The new OS will go on 200 tablets and laptops first before the council’s 450 desktops. The council expects the entire process to take about two weeks.
The Australian Department of Agriculture, Fisheries and Forestry (DAFF) is midway through designing the necessary backend and telecommunications infrastructure for its own move from Windows 7 to Windows 8, CIO Graham Gathercole told iTnews.
He expects to be able to rollout the new operating system to desktops and remote devices early next financial year. DAFF is already using Windows 8 Elitepad tablets.
The department will train and educate uses on the new interface in conjunction with Microsoft. Gathercole said he has not received any negative feedback yet.
Gathercole and the department liked the operating system’s Windows-to-go boot stick - which offers a corporate image installed on a bootable certified USB drive for use on any compatible computer - as well as DirectAccess.
The Queensland Department of State Development, Infrastructure and Planning is in the planning stages of a Windows 8 migration, jumping from the soon-to-be-retired Windows XP, with deployment expected by the end of the first quarter 2014.

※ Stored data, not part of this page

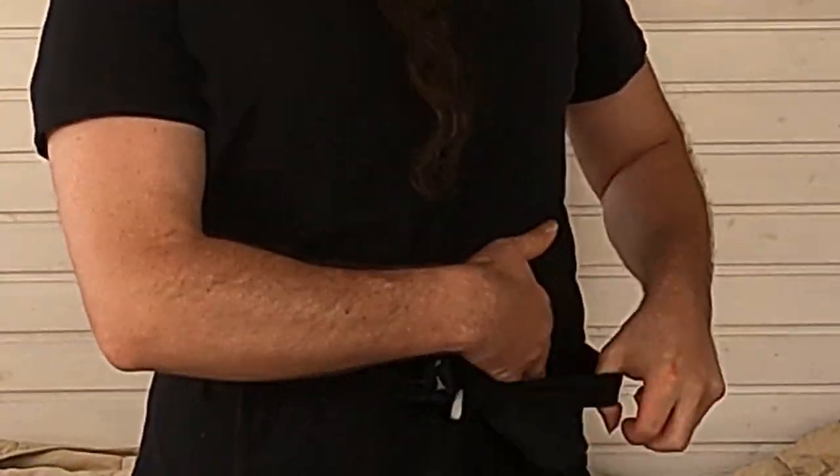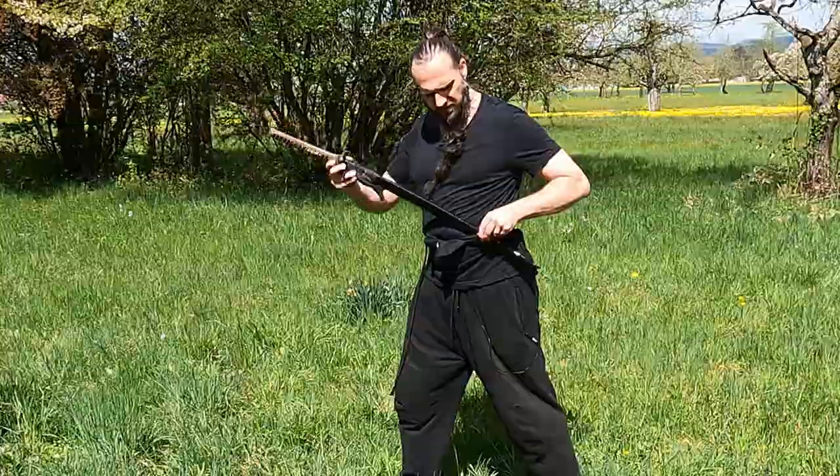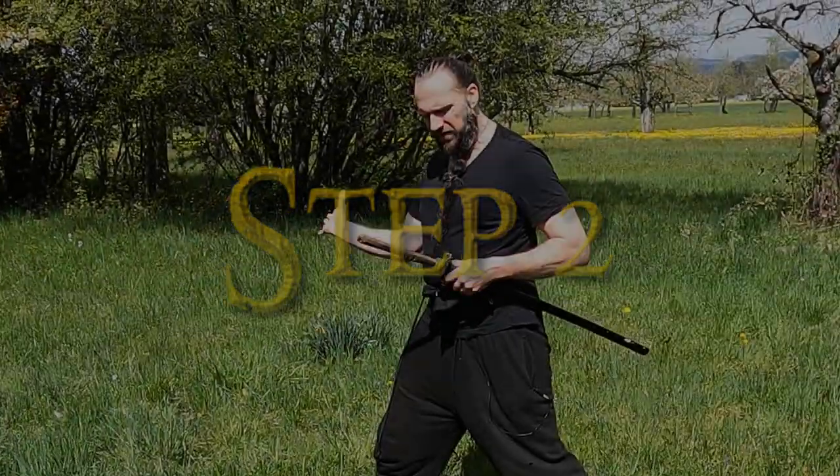Step one: put your katana into your belt. Make sure the cutting edge is pointing upwards. Step two: grab your katana with your knuckles pointing upwards.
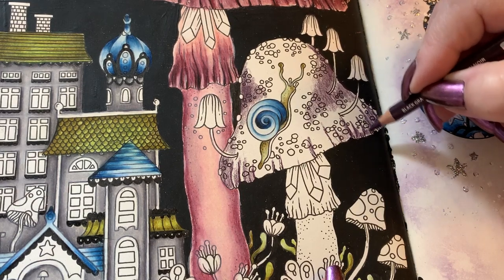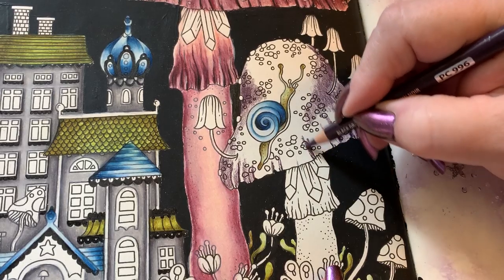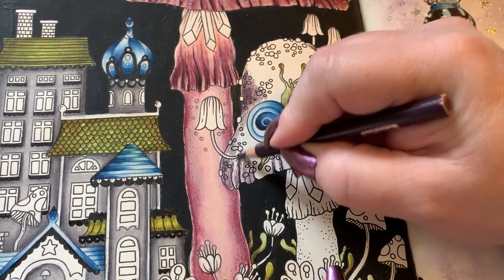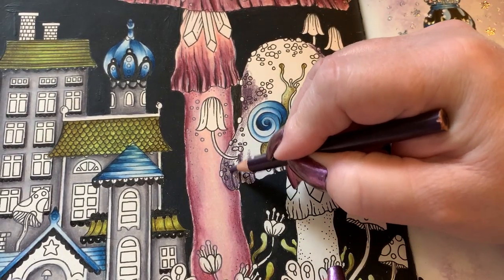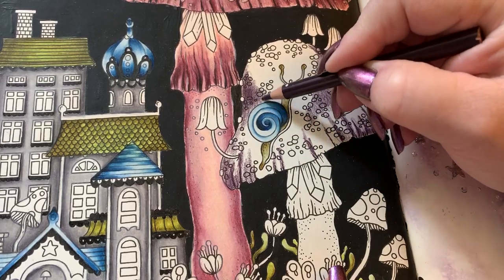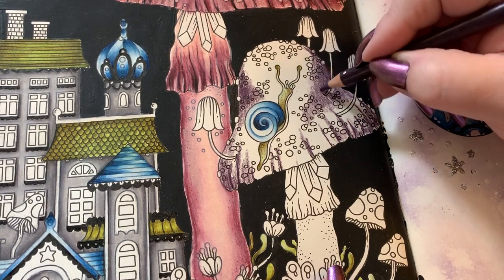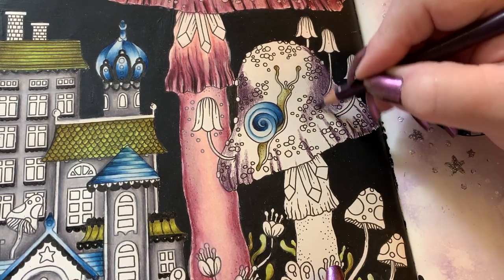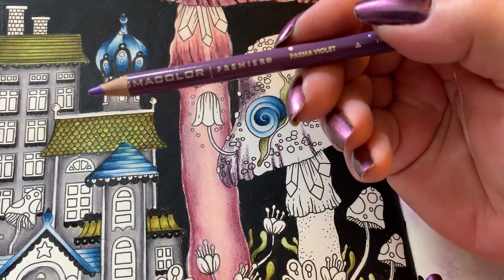Just a refresher for anybody who has not watched part one, part two, or any of my other videos for this particular book: it is done in four colors. I gotta remember the fourth color - never remember it. So we do it in the pink, the purple, the blue, and the green. Then I add in black and white - they're allowed - and no extra coloring, because I like to shade and highlight with black and white. And if I need to bring in skin tones or wood tones I will, but for the most part every page in this book has got these four colors on them in some form or another.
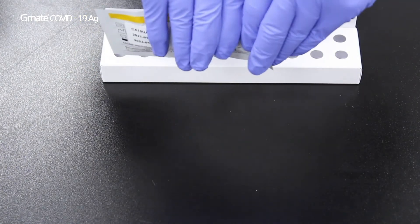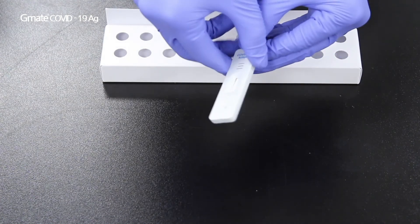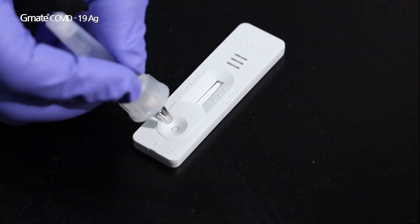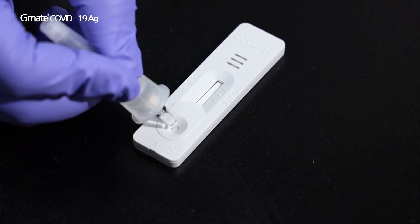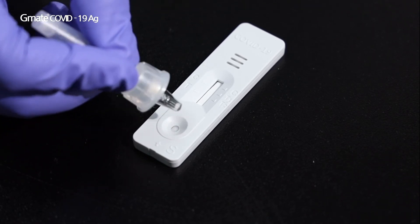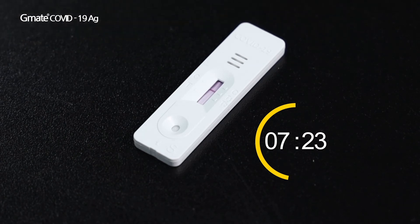Open the test device foil pouch and place the test device on a flat and clean surface. Apply 2–3 drops of the treated sample extract vertically into the sample well of the test device. Wait 15 minutes and check the test result. The test result is not valid after 20 minutes.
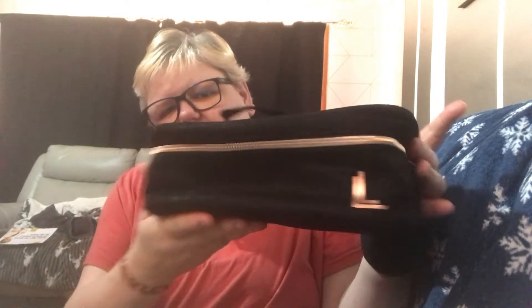When you open up the box, the first thing you see is the lovely Laura Lee Los Angeles paper. Then there's this lovely bag, which should be great for travelling. And you get a little leaflet to tell you about the Laura Lee beauty sponge.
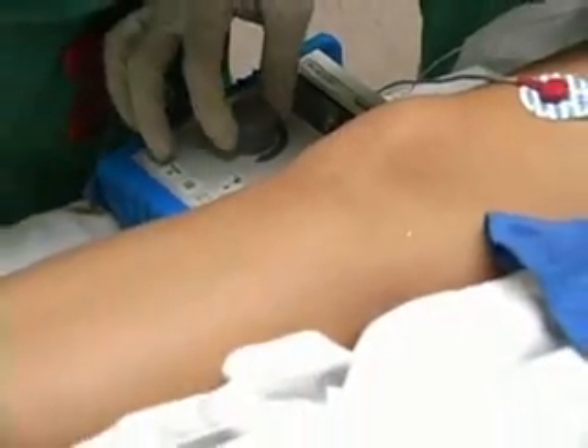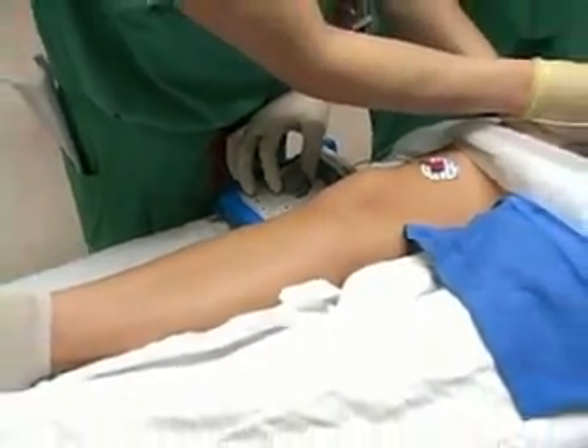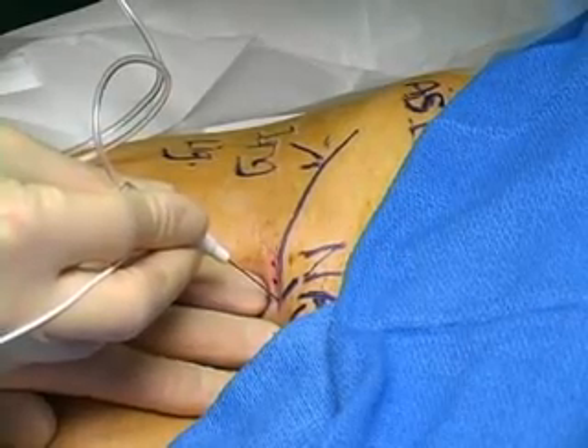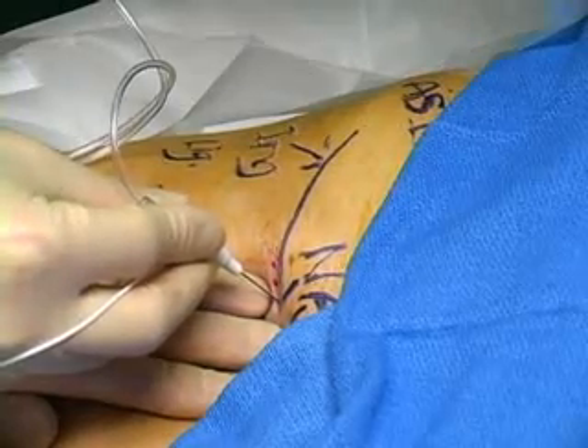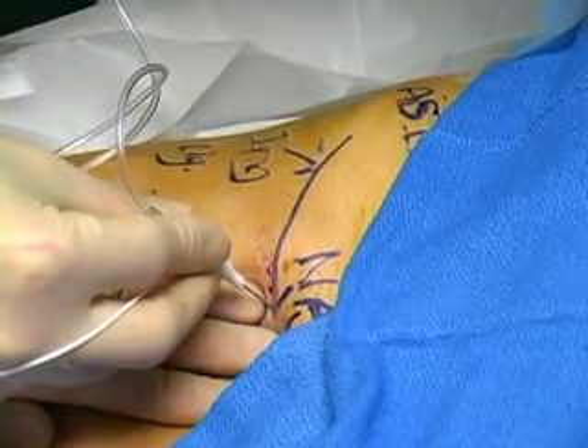After skin penetration, turn on the nerve stimulator to 1.5 milliamps. Advance the needle in the cephalic direction, maintaining it at a 45 degree angle to the skin. Continue to insert the needle through the fascia until a patellar twitch is elicited.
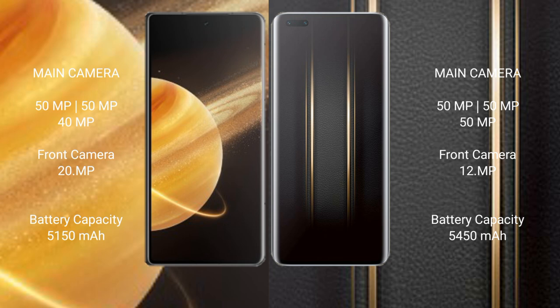The Honor Magic V3 has a 5110mAh battery with 66-watt fast charging support. The Honor Magic 5 Ultimate has a 5450mAh battery, also with 66-watt fast charging support.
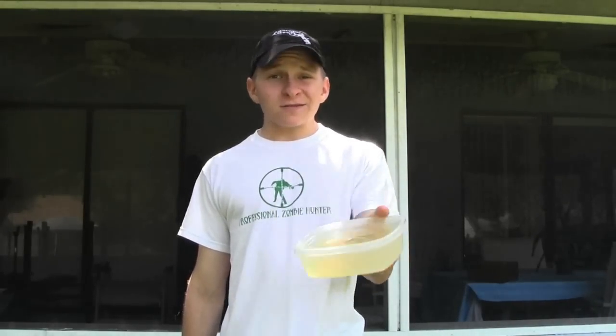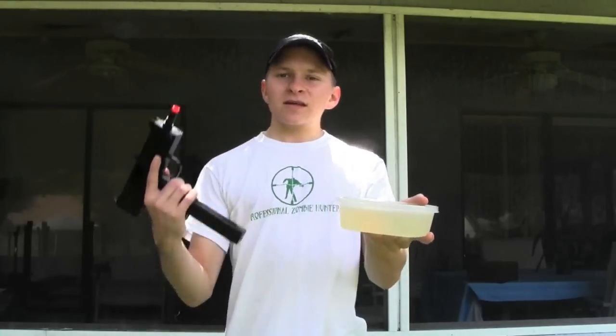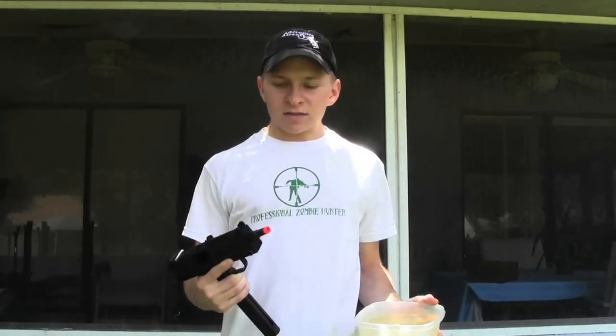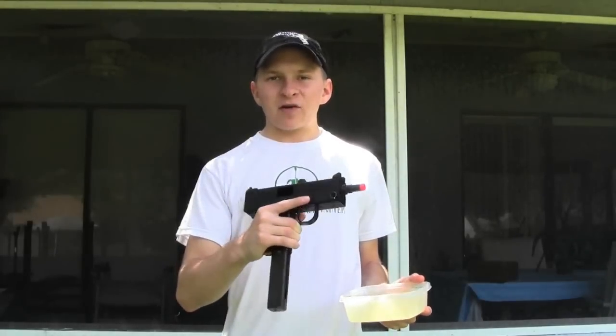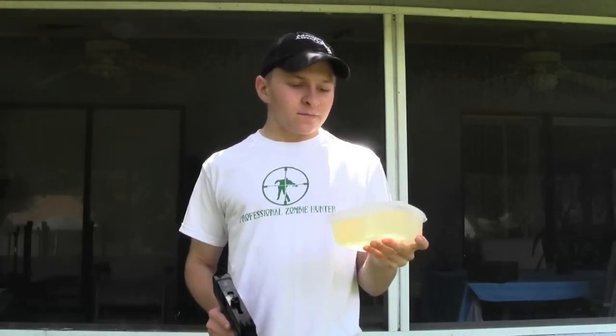What's up guys, here with the 20th episode of Shoot and Tootin' Tuesday. Since it is the 20th episode, I figured I'd do something you guys have been waiting for for a really long time. I can't count how many people have actually asked for this — pretty much everybody and their brother has suggested this. So today we're shooting jello. This is just non-flavored, non-colored jello — just clear. I'll be using the MAC 11 with some dark green GNG 0.25 gram BBs, so hopefully they show up really well and you can see the movement of the jello.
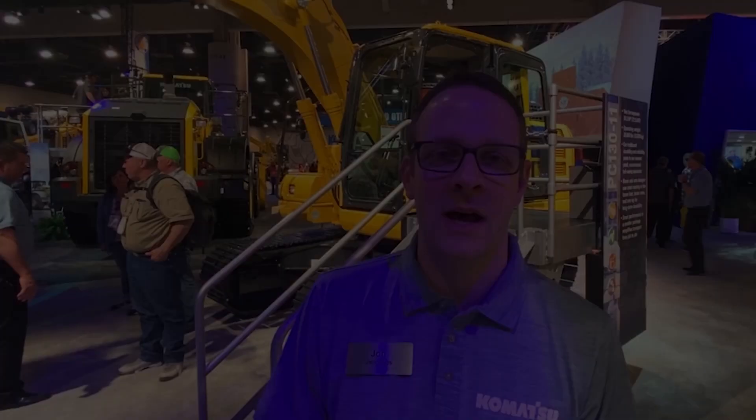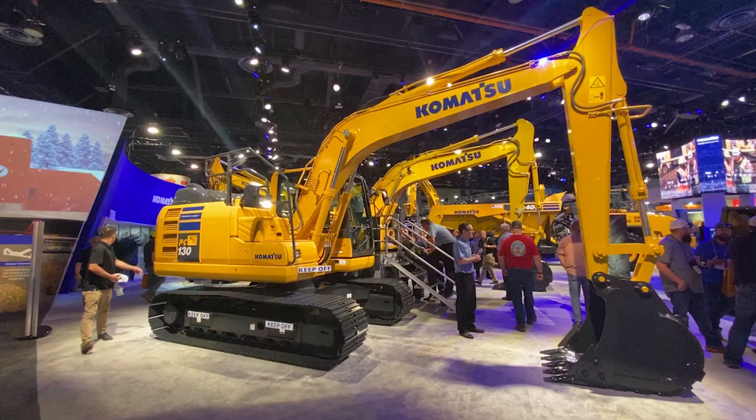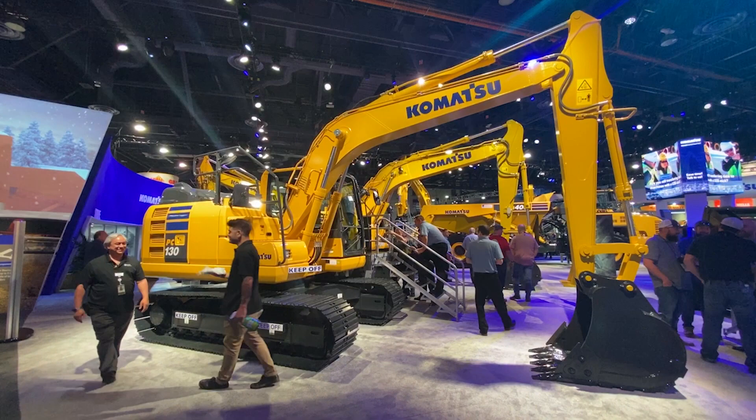Behind me is the new PC-130-11. It's new to the U.S. market. We brought it back because it fits the niche between the PC-88 mini excavator and our tight tail PC-138.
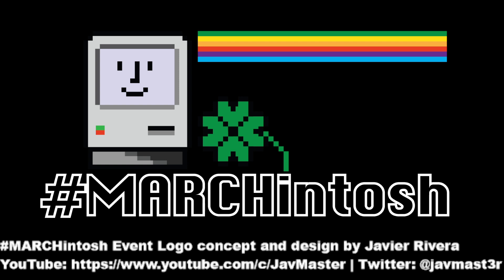This Marchintosh logo was made by Half Master, so please make sure you visit his channel. This is my first year participating. My channel is doing pretty good — I'm happy with it and I'm doing pretty good with this work. I really enjoy it. What I wanted to do was have a giveaway for the month of March, and what has come out of it is that I will be making the SE30 logic board, and hopefully some ROM.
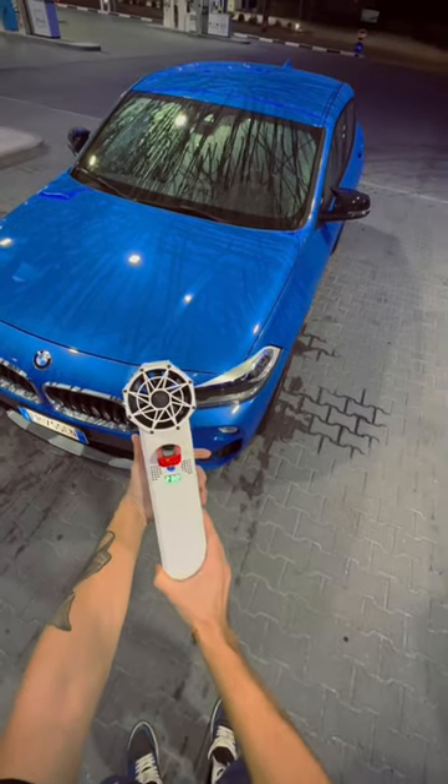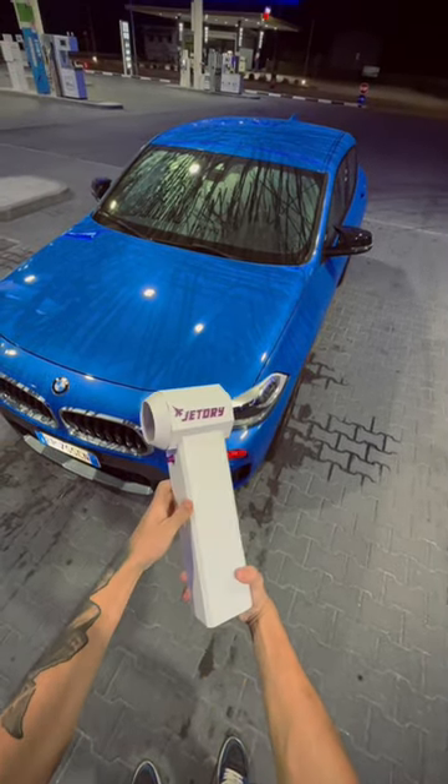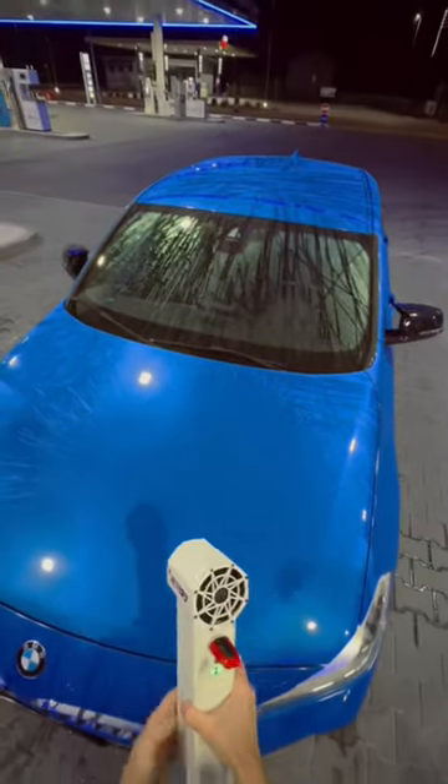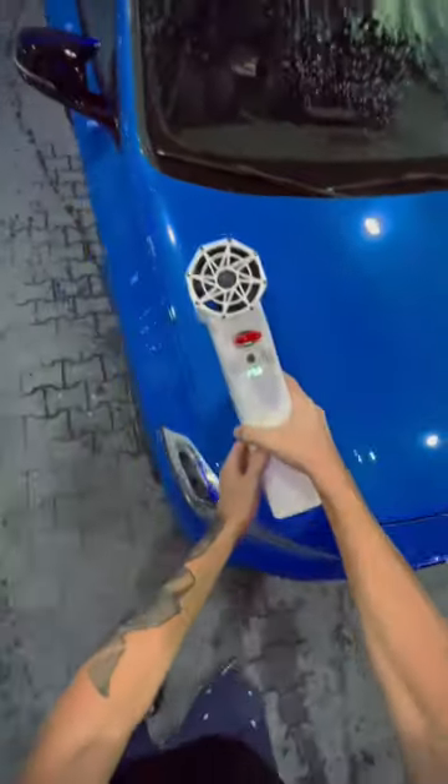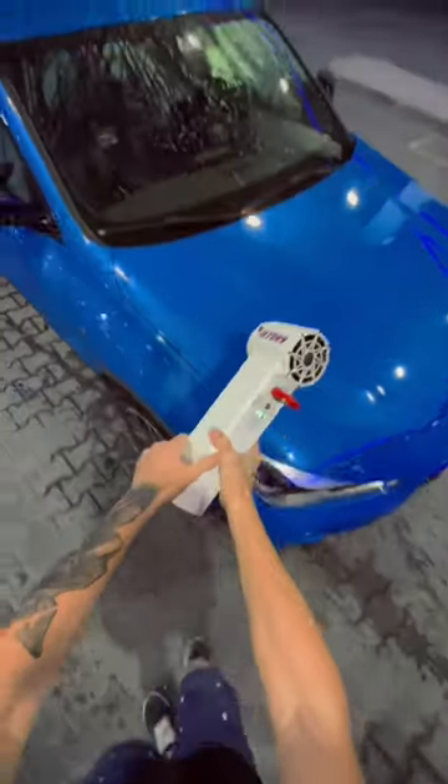Don't let your boyfriend watch this video. I've always hated having water spots after drying my car. Say goodbye to your towels and invest in Dry Jet — no more scratches or needing your car to get buffed.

The department has been piloting Windows 8 tablets with executives to get them used to the new interface, and so far responses to the Windows 8 look and feel have been good, a department spokesperson said.
The department will offer staff an ICT lab where workers can familiarise themselves with the new operating system. From there it will ascertain what, if any, extra training requirements are needed.
Additionally, Tourism Australian recently indicated it was studying a potential move, and ING Direct last year said at the commencement of its Windows 7 rollout that it would look at moving to Windows 8 when practicable.